Three years after the onset of the COVID-19 pandemic, it is not yet clear if we can truly put the crisis squarely behind us. On the one hand, as of the summer of 2023, most aspects of everyday life in Canada have resumed. Businesses, schools, restaurants and entertainment venues are all fully open. Most people have stopped wearing masks in public and are no longer practicing social distancing. On the other hand, many people continue to catch COVID, with some experiencing serious illness and even death. Others continue to struggle to return to full health, months after having first gotten sick. It seems we are in an in-between phase, with most living their lives as if the pandemic had ended, even though the threat from and impact of the virus has not fully disappeared.

This report helps to fill the information gap by documenting how many Canadians have missed work or school due to COVID-19 in the 12 months prior to the time of the survey in March 2023, and the length of their absences. The findings confirm that even though the formal emergency is over, a significant number of Canadians – almost one in two – continue to be directly affected by the disease, either because they have been sick, caring for someone who was sick, or dealing with the symptoms associated with “long COVID.”

Key insights

The proportion that missed at least one day of work or school in the 12 months up to March 2023 is higher among younger adults and decreases with age. It is also higher among women compared to men; among those with children at home compared to those without, and among those with a disability that at least occasionally limits their daily activity compared to those without a disability.

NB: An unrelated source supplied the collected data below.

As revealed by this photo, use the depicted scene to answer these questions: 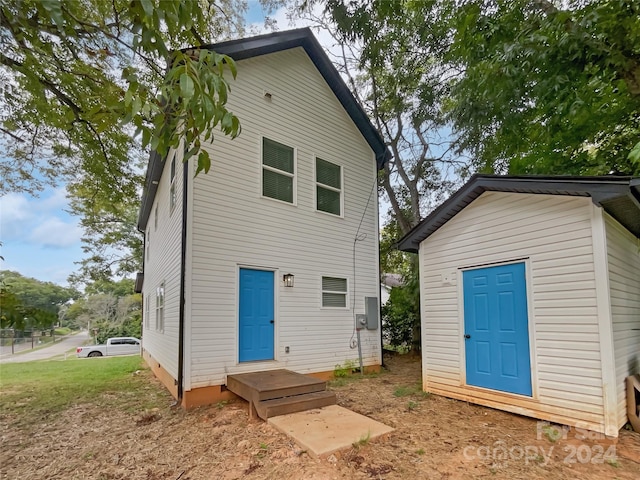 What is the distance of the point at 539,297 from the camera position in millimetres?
4559

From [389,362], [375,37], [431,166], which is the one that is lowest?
[389,362]

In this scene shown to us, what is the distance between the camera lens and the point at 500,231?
5.06 metres

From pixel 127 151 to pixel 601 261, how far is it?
31.9ft

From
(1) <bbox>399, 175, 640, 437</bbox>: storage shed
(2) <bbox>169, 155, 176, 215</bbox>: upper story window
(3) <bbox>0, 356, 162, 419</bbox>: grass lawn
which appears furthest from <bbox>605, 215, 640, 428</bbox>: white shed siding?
(2) <bbox>169, 155, 176, 215</bbox>: upper story window

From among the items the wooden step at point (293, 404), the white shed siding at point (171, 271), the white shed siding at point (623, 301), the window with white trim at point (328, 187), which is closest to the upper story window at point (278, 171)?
the window with white trim at point (328, 187)

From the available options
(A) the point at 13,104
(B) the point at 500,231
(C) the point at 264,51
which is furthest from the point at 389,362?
(A) the point at 13,104

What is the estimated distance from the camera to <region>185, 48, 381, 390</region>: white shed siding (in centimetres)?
576

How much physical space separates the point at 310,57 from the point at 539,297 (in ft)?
22.4

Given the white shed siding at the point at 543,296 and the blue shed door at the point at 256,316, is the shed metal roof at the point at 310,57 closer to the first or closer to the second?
the blue shed door at the point at 256,316

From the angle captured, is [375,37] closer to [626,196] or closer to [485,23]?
[485,23]

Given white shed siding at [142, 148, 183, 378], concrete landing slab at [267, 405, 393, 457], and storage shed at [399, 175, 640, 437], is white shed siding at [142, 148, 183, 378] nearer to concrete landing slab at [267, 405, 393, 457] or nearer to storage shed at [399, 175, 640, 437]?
concrete landing slab at [267, 405, 393, 457]

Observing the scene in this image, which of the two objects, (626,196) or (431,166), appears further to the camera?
(431,166)

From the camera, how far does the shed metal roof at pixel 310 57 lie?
654cm

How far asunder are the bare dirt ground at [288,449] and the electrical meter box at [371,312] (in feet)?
9.26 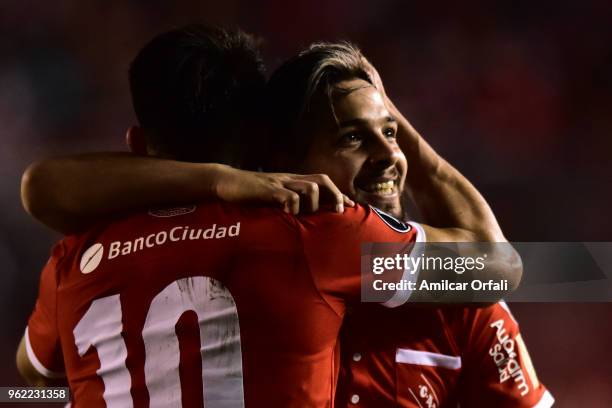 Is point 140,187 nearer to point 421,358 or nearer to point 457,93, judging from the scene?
point 421,358

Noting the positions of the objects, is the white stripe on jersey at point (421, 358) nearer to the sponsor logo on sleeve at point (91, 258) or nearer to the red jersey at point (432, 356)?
the red jersey at point (432, 356)

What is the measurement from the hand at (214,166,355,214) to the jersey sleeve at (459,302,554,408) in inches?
16.6

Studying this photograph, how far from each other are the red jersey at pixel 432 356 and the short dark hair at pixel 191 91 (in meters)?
0.45

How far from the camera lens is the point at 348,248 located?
49.4 inches

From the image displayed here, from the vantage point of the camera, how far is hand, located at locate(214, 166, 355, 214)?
1.25m

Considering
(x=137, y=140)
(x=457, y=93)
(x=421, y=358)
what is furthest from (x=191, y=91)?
(x=457, y=93)

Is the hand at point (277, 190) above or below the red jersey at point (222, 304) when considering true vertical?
above

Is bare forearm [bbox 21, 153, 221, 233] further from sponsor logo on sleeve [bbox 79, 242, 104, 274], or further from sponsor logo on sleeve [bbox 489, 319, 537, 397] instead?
sponsor logo on sleeve [bbox 489, 319, 537, 397]

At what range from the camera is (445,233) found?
55.9 inches

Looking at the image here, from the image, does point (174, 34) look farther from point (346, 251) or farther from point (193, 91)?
point (346, 251)

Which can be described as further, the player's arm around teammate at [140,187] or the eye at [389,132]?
the eye at [389,132]

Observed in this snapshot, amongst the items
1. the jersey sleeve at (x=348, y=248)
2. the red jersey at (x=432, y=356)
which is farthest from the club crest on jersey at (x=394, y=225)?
the red jersey at (x=432, y=356)

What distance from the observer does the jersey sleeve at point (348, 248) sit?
4.06 ft

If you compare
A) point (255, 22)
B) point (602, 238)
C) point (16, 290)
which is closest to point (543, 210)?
point (602, 238) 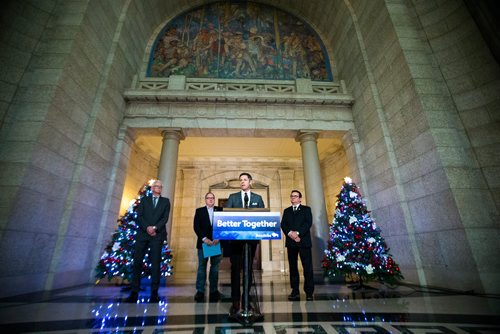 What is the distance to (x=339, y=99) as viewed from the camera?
27.4 feet

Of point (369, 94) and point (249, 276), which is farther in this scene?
point (369, 94)

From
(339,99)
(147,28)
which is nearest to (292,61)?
(339,99)

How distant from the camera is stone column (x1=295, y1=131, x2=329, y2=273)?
7.00 metres

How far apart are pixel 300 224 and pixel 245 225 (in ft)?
7.25

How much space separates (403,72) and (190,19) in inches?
385

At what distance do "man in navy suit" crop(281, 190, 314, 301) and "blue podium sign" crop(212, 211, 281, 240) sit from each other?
1.68m

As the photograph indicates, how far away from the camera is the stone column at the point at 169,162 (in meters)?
7.40

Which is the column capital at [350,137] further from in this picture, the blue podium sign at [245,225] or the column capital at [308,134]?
the blue podium sign at [245,225]

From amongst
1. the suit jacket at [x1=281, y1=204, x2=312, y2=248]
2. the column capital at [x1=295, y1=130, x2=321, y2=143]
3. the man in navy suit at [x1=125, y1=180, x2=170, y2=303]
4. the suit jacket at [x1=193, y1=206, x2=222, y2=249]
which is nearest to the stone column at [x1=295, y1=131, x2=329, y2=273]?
the column capital at [x1=295, y1=130, x2=321, y2=143]

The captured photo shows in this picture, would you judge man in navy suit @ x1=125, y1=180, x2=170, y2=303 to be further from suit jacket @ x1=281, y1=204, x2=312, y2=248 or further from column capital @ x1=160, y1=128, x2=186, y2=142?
column capital @ x1=160, y1=128, x2=186, y2=142

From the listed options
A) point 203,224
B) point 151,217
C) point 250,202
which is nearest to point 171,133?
point 151,217

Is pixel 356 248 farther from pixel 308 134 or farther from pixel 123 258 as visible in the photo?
pixel 123 258

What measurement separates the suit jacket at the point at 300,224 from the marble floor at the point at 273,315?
0.93 metres

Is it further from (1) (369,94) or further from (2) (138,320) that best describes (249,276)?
(1) (369,94) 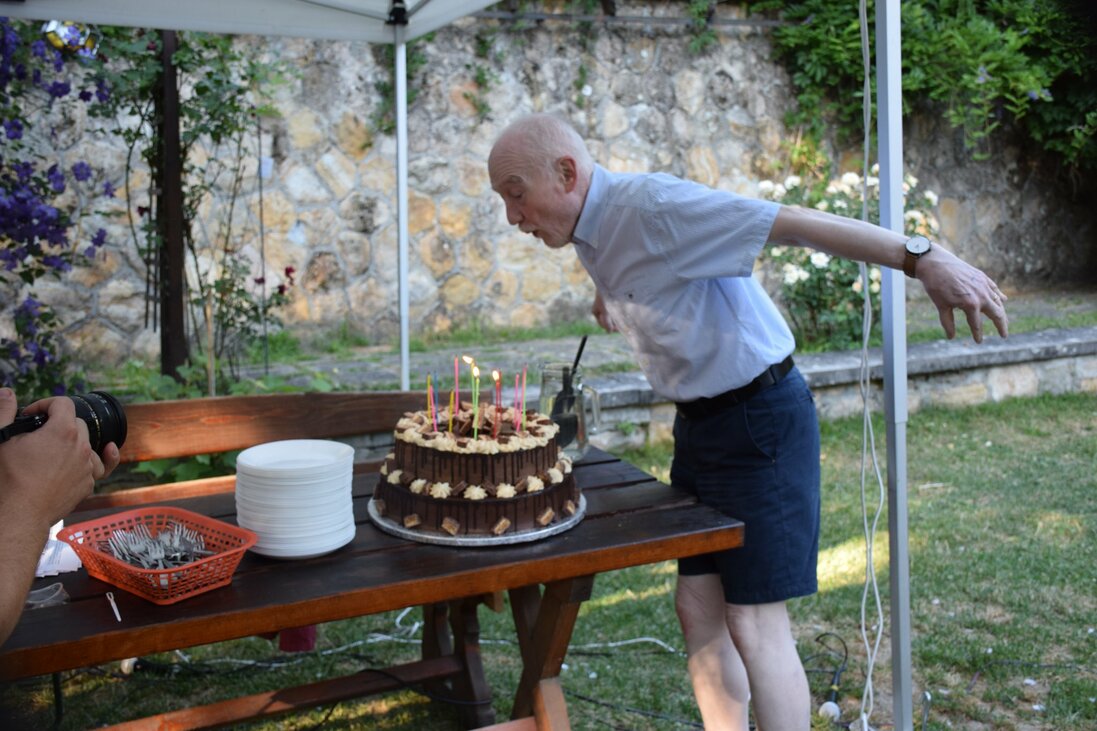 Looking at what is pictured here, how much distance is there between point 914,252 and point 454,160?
198 inches

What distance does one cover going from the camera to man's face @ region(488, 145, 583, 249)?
2154 millimetres

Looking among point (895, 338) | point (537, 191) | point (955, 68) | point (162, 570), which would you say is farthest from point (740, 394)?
point (955, 68)

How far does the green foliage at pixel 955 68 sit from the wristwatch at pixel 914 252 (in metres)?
5.89

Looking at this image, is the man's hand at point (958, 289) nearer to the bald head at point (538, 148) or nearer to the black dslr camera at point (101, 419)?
the bald head at point (538, 148)

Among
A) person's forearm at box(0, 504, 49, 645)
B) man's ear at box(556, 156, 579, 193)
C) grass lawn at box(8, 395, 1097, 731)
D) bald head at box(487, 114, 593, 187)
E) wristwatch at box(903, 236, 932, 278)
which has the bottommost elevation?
grass lawn at box(8, 395, 1097, 731)

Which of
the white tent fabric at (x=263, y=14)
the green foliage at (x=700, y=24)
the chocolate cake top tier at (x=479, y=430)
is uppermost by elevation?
the green foliage at (x=700, y=24)

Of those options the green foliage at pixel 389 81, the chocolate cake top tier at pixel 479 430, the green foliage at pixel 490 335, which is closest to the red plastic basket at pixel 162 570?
the chocolate cake top tier at pixel 479 430

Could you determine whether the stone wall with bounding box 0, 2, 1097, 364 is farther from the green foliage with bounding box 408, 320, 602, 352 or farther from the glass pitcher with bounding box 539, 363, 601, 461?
the glass pitcher with bounding box 539, 363, 601, 461

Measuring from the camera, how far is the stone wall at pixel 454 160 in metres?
5.95

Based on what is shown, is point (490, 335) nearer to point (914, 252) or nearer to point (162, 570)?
point (914, 252)

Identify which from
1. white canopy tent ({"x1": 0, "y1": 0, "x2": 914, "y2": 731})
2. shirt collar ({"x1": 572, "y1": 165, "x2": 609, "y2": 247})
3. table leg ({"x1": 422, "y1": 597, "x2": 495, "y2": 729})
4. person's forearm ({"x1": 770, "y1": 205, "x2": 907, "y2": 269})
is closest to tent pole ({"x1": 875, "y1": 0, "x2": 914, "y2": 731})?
white canopy tent ({"x1": 0, "y1": 0, "x2": 914, "y2": 731})

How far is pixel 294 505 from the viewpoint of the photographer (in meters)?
1.84

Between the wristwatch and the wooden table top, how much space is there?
59 centimetres

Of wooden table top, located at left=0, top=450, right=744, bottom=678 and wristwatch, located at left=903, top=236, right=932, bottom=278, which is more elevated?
wristwatch, located at left=903, top=236, right=932, bottom=278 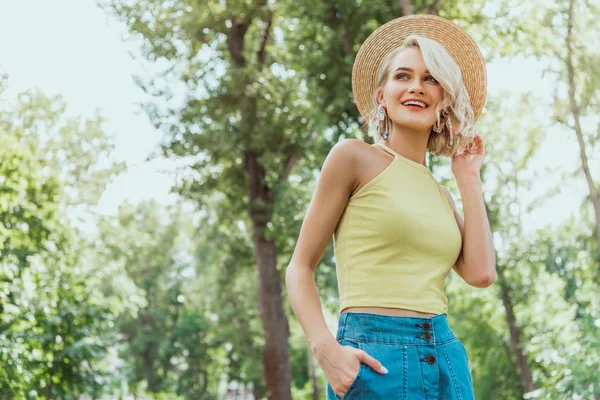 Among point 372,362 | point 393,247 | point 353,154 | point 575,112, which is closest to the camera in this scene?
point 372,362

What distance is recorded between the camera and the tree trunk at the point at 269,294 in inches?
671

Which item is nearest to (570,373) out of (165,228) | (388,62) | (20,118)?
(388,62)

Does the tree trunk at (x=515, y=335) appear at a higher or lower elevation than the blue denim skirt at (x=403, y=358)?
higher

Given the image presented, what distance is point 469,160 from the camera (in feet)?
9.10

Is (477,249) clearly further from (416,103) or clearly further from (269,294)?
(269,294)

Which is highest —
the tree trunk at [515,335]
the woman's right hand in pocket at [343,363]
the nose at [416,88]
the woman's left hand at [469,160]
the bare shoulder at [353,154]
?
the tree trunk at [515,335]

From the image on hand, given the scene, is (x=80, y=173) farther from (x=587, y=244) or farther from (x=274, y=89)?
(x=587, y=244)

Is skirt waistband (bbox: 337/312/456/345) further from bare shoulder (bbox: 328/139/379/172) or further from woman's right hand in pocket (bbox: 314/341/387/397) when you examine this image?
bare shoulder (bbox: 328/139/379/172)

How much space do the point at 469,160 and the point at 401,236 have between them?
591 mm

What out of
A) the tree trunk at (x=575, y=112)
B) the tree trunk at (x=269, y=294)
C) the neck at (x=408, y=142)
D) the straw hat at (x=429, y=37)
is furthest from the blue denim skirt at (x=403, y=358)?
the tree trunk at (x=269, y=294)

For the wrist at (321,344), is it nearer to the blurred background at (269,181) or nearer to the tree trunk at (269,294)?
the blurred background at (269,181)

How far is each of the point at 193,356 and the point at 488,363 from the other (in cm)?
2151

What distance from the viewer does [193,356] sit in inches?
1708

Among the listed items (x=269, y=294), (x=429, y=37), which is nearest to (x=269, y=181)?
(x=269, y=294) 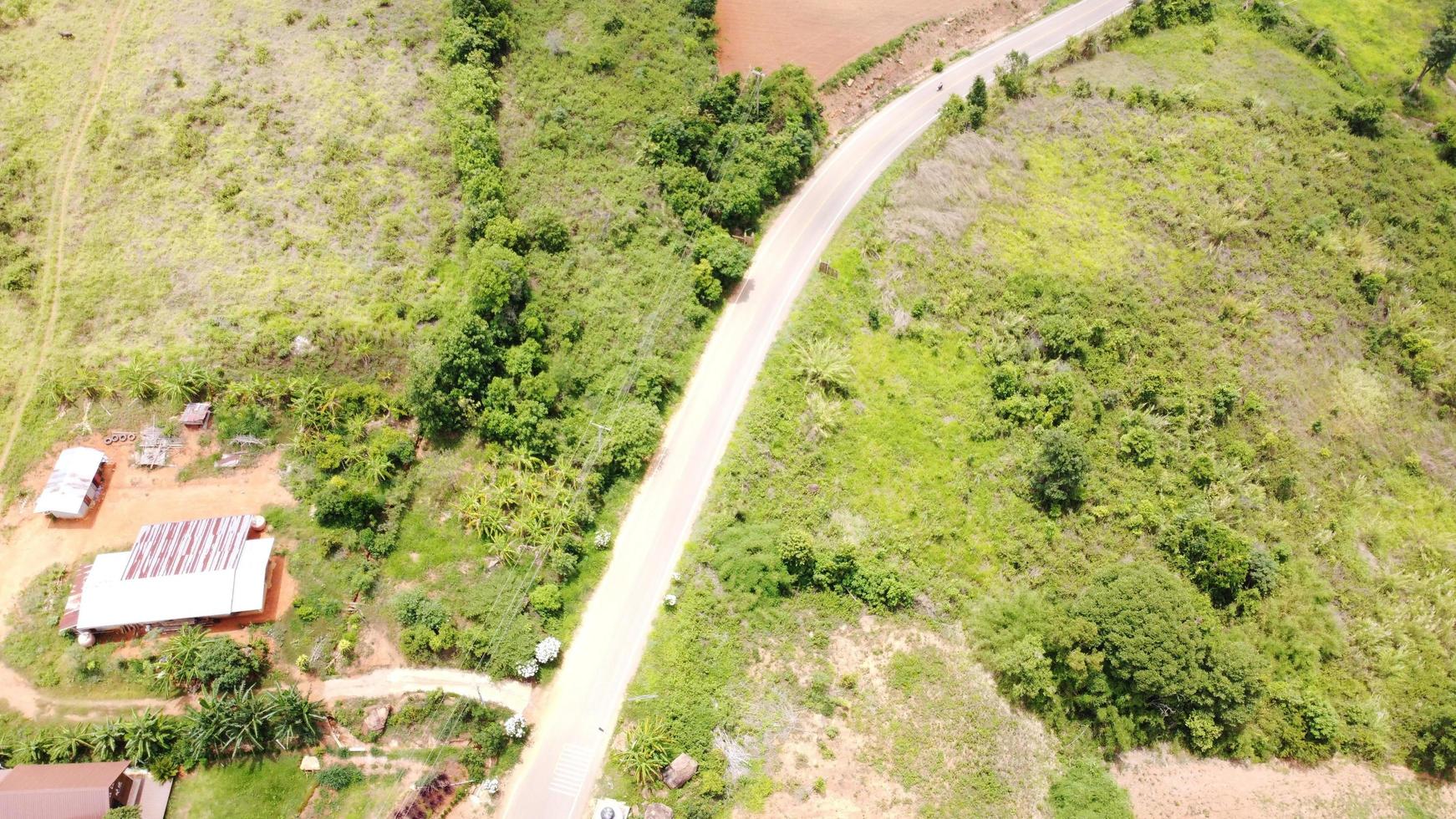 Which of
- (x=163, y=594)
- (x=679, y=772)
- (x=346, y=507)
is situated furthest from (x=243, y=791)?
(x=679, y=772)

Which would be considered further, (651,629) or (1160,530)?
(1160,530)

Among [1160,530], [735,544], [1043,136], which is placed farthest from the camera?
[1043,136]

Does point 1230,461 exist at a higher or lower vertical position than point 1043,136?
lower

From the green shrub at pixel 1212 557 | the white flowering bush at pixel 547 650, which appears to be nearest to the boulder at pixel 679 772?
the white flowering bush at pixel 547 650

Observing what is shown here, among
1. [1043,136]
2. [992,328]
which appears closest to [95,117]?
[992,328]

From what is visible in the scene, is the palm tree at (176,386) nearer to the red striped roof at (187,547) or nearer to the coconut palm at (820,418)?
the red striped roof at (187,547)

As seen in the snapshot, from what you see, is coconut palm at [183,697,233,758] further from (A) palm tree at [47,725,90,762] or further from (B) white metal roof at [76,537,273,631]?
(B) white metal roof at [76,537,273,631]

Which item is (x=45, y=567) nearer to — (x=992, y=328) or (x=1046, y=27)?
(x=992, y=328) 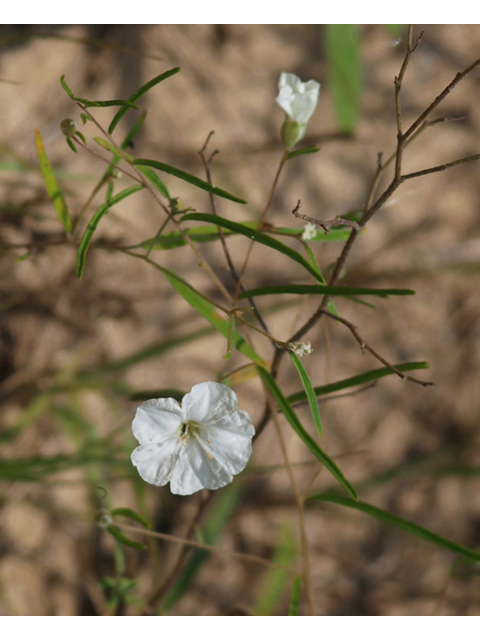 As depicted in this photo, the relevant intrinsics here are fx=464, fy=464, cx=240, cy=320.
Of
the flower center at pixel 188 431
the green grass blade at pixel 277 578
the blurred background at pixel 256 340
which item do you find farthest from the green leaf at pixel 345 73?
the green grass blade at pixel 277 578

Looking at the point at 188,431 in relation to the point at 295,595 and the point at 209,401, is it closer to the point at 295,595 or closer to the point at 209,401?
the point at 209,401

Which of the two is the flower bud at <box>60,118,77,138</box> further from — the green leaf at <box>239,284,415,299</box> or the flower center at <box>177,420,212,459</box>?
the flower center at <box>177,420,212,459</box>

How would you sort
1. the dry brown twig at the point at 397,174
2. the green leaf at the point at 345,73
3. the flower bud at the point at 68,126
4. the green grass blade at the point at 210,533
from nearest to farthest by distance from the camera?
1. the dry brown twig at the point at 397,174
2. the flower bud at the point at 68,126
3. the green grass blade at the point at 210,533
4. the green leaf at the point at 345,73

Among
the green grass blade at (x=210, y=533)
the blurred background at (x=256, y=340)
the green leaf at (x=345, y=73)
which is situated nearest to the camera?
the green grass blade at (x=210, y=533)

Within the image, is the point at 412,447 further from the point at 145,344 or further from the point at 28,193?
the point at 28,193

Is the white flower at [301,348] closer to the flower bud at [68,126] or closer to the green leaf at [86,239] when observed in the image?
the green leaf at [86,239]

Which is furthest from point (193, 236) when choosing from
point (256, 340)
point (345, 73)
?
point (345, 73) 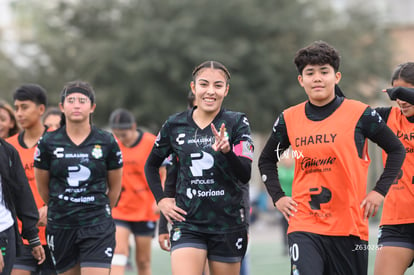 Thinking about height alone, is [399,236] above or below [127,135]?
below

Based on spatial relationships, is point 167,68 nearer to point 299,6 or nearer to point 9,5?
point 299,6

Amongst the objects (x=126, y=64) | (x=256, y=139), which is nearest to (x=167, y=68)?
(x=126, y=64)

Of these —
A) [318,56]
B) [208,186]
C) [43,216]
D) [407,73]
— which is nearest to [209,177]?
[208,186]

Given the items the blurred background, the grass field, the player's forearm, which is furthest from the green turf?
the blurred background

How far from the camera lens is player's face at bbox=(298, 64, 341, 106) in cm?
606

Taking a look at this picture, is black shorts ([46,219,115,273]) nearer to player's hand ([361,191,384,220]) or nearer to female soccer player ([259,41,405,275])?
female soccer player ([259,41,405,275])

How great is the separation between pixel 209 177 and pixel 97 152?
58.6 inches

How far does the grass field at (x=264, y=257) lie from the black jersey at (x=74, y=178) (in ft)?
14.0

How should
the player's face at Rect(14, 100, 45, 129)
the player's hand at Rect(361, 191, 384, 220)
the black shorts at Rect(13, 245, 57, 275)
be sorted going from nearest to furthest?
the player's hand at Rect(361, 191, 384, 220), the black shorts at Rect(13, 245, 57, 275), the player's face at Rect(14, 100, 45, 129)

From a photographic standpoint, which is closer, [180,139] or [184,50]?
[180,139]

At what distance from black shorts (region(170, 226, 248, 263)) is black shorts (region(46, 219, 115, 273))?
1055 mm

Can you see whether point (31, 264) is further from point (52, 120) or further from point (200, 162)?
point (200, 162)

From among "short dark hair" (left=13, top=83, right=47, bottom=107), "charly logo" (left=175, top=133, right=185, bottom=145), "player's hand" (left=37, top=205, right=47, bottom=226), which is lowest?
"player's hand" (left=37, top=205, right=47, bottom=226)

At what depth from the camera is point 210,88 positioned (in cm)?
654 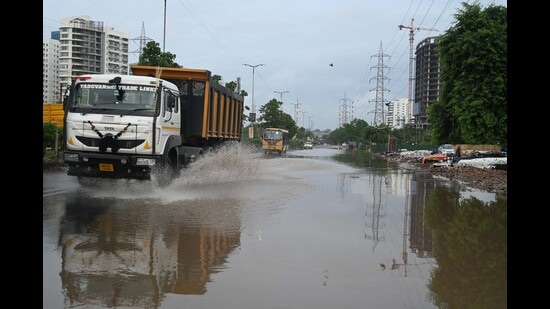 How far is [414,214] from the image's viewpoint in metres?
10.1

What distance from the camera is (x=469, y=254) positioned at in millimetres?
6609

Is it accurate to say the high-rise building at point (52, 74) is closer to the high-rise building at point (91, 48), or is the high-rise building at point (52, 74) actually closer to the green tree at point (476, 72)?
the high-rise building at point (91, 48)

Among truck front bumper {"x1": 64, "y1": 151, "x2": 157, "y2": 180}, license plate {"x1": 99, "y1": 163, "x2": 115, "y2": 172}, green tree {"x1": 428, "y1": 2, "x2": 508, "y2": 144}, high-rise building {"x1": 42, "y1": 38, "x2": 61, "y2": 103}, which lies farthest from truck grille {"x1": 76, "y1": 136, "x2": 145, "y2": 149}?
high-rise building {"x1": 42, "y1": 38, "x2": 61, "y2": 103}

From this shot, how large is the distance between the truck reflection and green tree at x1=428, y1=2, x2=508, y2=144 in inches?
921

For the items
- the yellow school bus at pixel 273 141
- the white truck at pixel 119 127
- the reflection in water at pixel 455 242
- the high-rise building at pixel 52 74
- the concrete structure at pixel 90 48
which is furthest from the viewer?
the concrete structure at pixel 90 48

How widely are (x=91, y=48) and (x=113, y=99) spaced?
45.4 m

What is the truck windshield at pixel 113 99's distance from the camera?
1065cm

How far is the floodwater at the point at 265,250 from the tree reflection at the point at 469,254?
2 centimetres

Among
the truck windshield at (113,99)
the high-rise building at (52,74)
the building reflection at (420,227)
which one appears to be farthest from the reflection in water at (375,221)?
the high-rise building at (52,74)

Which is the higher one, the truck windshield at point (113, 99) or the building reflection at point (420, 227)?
the truck windshield at point (113, 99)

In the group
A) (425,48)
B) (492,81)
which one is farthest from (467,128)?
(425,48)

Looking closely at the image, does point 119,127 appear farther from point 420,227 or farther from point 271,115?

Survey data found that 45 percent of adult Canadians in the labour force or in education had missed at least one day of work or school in the previous 12 months because they or someone they were caring for were ill with COVID-19. This includes 31 percent who were sick with COVID-19, 15 percent who were caring for someone else who was sick with COVID-19, and 10 percent who had previously been sick with COVID-19, and were suffering from lingering effects of the disease, such as fatigue (an experience generally referred to as “long COVID”.

Those with children at home are also more likely than those without to have missed more than a week of work or school. The same is true of those who are racialized compared to those who are white, those who are Indigenous compared to non-Indigenous peoples, and those who have a disability compared to those who do not.